I used to have my own gang back when I used to play Let's Go to the City. Mine was really just a group of friends, though. I had a YouTube channel dedicated to it, and there was a list of all the people who were part of it in the description. We never did anything to harm anyone, though. I think I used to just get into trouble with other groups.


----------



## Dim (Apr 22, 2016)

Well not all groups are harmfull of course. Just the ones I came across with.


----------



## Aquari (Apr 22, 2016)

gangs in animal crossing thats fricken hilarious!, i didnt even know that was a thing!!


----------



## King Dorado (Apr 22, 2016)

I've only played ACNL, and I've never encountered anything like this.  I mean, i've run into people on the Club Tortimer island who seemed to all know each other and were acting like jerks, but I have no idea how a gang would ever manage to make their way into somebody's town in ACNL...


----------



## gh0st (Apr 22, 2016)

That's so sad umu;

That makes me scared I hate that


----------



## Dim (Apr 22, 2016)

Eh don't worry too much about them. They were pretty common in acww but I doubt they exist in New Leaf. I don't even think seeding exists anymore.

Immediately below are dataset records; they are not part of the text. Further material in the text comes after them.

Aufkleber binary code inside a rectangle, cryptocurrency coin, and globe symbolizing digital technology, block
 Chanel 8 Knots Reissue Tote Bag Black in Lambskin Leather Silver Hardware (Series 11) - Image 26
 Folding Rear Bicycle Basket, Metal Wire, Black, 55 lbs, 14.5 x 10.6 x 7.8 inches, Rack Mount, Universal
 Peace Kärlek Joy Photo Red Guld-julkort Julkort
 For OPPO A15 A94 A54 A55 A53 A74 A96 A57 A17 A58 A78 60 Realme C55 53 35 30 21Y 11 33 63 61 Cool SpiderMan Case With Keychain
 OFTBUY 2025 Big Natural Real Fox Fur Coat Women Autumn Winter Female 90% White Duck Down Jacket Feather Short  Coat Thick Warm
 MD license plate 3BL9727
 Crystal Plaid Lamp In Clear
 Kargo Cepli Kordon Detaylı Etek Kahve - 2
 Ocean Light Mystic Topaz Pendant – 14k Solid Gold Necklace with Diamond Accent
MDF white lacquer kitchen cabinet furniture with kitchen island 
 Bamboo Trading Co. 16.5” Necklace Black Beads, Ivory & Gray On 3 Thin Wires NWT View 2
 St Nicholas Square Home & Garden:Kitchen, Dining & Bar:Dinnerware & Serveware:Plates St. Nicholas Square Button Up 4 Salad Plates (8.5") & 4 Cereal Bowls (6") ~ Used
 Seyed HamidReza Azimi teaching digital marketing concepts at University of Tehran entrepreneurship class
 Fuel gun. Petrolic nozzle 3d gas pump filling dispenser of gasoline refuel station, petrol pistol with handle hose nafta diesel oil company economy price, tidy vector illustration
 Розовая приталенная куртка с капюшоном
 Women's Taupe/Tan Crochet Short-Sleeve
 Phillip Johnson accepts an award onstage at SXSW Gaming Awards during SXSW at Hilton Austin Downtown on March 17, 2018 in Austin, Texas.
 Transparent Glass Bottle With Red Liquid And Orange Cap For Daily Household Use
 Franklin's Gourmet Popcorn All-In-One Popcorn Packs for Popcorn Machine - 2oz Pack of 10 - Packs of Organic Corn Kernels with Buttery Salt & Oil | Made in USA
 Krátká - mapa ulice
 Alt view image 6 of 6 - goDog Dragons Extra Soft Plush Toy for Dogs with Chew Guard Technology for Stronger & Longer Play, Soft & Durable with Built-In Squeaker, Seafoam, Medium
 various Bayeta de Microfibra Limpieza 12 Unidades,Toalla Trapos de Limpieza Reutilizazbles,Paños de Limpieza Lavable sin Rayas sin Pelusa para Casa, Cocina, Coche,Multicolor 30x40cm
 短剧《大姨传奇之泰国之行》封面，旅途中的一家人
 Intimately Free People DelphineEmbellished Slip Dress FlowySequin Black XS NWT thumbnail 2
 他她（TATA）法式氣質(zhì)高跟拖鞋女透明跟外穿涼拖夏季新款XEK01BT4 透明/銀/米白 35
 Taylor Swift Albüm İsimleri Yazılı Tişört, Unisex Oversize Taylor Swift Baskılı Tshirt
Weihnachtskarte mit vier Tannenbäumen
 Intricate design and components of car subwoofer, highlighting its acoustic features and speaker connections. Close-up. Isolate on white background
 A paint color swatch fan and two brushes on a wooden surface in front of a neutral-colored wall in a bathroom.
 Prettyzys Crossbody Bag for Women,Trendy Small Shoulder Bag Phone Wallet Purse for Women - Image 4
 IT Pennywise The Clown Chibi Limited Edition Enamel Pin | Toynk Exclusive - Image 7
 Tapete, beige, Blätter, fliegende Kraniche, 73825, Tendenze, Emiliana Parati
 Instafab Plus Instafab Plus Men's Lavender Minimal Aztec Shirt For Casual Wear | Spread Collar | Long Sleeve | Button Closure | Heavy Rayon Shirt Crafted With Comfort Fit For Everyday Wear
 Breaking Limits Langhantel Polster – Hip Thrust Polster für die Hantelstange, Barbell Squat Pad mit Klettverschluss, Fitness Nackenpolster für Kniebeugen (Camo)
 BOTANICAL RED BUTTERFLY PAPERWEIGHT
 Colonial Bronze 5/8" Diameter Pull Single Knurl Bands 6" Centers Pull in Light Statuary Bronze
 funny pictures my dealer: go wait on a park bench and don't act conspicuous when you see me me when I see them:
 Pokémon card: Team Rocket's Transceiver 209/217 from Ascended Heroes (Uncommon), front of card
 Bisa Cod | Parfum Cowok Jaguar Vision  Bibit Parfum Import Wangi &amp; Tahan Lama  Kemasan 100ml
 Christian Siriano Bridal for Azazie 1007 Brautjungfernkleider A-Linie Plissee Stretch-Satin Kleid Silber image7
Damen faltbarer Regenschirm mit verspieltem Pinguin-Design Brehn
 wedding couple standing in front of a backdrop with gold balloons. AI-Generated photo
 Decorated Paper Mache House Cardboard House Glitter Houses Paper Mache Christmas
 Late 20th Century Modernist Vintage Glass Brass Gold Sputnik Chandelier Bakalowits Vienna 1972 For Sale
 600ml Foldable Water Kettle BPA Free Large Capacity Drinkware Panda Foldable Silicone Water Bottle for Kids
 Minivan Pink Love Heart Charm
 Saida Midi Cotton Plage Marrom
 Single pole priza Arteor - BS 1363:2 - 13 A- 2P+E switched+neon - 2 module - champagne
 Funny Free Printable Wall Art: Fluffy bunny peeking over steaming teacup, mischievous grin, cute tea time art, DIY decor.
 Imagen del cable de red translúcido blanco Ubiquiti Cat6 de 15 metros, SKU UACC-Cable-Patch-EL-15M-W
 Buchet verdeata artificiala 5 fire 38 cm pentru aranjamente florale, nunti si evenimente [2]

I'm guessing a lot of you haven't played acww online, hm?


----------



## Aquari (Apr 22, 2016)

Nox said:


> Eh don't worry too much about them. They were pretty common in acww but I doubt they exist in New Leaf. I don't even think seeding exists anymore.
> 
> I'm guessing a lot of you haven't played acww online, hm?



oh, i forgot to ask but, explain seeding?


----------



## Dim (Apr 22, 2016)

Neikkocat06 said:


> oh, i forgot to ask but, explain seeding?


Seeding: In acww people used Action Replay for hacking. There was this code that allowed people to spawn ANY item in the game using a hex code (AKA Seeds), INCLUDING buildings (museums, stores, houses, etc.) People went to other's town and spawned buildings in front of the host's main house. (This is seeding.) When the host loads their game and exits their house, they immidiately faint and respawn in front of the house, then faint again and so on, all because of the seed. The player is forced to restart their town because they cannot leave their own house after loading their game.

Bricking: As you know hackers can also spawn an extra villager's house. However, the game can only have 8 villagers, so if you added a 9th neighbor, the game is "bricked", meaning the game literally breaks and can no longer load. Hackers also went to other people's town and broke their game this way.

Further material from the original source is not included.